### Exercise prompt:
Line for line, the listing below is to be transcribed exactly.

___ Dataset extract ___

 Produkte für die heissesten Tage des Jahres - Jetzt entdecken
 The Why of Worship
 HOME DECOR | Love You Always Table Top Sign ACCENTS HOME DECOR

___

### Response:
 Produkte für die heissesten Tage des Jahres - Jetzt entdecken
 The Why of Worship
 HOME DECOR | Love You Always Table Top Sign ACCENTS HOME DECOR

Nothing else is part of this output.